If this plan is to succeed, however, it will have to overcome New York City’s historic bias against light rail — a bias that goes back 80 years.

Other cities across the country have newly built or expanded light rail systems over the past 30 years or so — Buffalo, Phoenix, Cleveland, Minneapolis, Denver and more. Even in our own metropolitan area, you can cross the Hudson River to Hoboken or Jersey City and ride the Hudson-Bergen Light Rail line.

In New York, however, proposals that were made 40 years ago are still in the talking stage.

Where did the problem begin? Some say it began with the LaGuardia administration. In the first half of the 20th century, New York City had a huge trolley, or streetcar, network. Brooklyn, in particular, was known for its trolleys. One of the original names for its baseball team was the Brooklyn Trolley Dodgers — later, of course, shortened to the Brooklyn Dodgers.
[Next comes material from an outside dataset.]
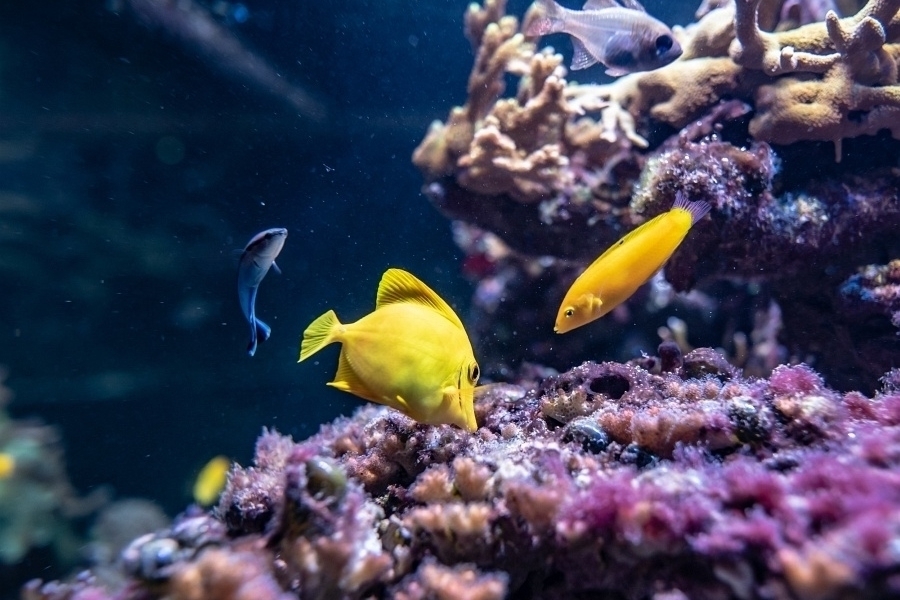 Vstupenky do Mořského světa v pražských Holešovicích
Brooklyn also was the only one of the five boroughs to run the streamlined, ultra-modern “PCC” trolley cars that were made in the 1930s in an attempt to save the industry. PCC cars continued to ride on several Brooklyn routes until 1956.

When Fiorello LaGuardia became mayor in 1934, he vowed to replace the trolleys, which he felt impeded motor traffic on the city’s streets. He began by banning them in Manhattan. The demise of the city’s trolleys was stalled by World War II, but afterward, lines were converted to bus routes, one after another. The last two lines to shut down (other than the Queensboro Bridge route, which was a special case) were Church Avenue and McDonald Avenue, both of them in 1956.

However, it may be too simple to blame LaGuardia. After all, many other cities dismantled their trolley systems around the same time as a result of pressure from the automotive industry, but built new systems years later.

The Hudson-Bergen Light Rail Line has come quite a long way since it first opened in 2000 and has expanded several times. By contrast, plans for a 42nd Street crosstown light rail line in Manhattan were being discussed in the 1980s; today, they’re still being discussed. Longtime readers of this paper know the fate of Bob Diamond’s partially completed Red Hook trolley line, whose tracks were ripped out the city after initial government support.

One reason light rail and streetcars haven’t gotten off the ground may well be the city’s hyper-crowded traffic situation. I’ve driven occasionally in Lower Manhattan and Downtown Brooklyn — usually on the way to or from a car-rental place — and it’s a whole different experience from driving in downtown Fort Lauderdale.

Another reason may be the narrow streets, remnants of the horse-and-carriage 19th century, which one finds in many parts of the city, especially in the areas surrounding Downtown Brooklyn. Such narrow streets, along with their narrow turning radius, were one of the main reasons why the city Department of Transportation in 2011 rejected a revised Red Hook trolley proposal that had been backed by U.S. Rep. Nydia Velazquez and Mayor Michael Bloomberg.

A blogger known as “Cap’n Transit” has an interesting observation — he points out that many of the light rail lines in other cities have been built on the roadbeds of now-unused freight (and passenger) railroads. For example, parts of the Hudson-Bergen Light Rail line were built on the roadbeds of the old Central Railroad of New Jersey, the Lackawanna Railroad and the New Jersey Junction Railroad.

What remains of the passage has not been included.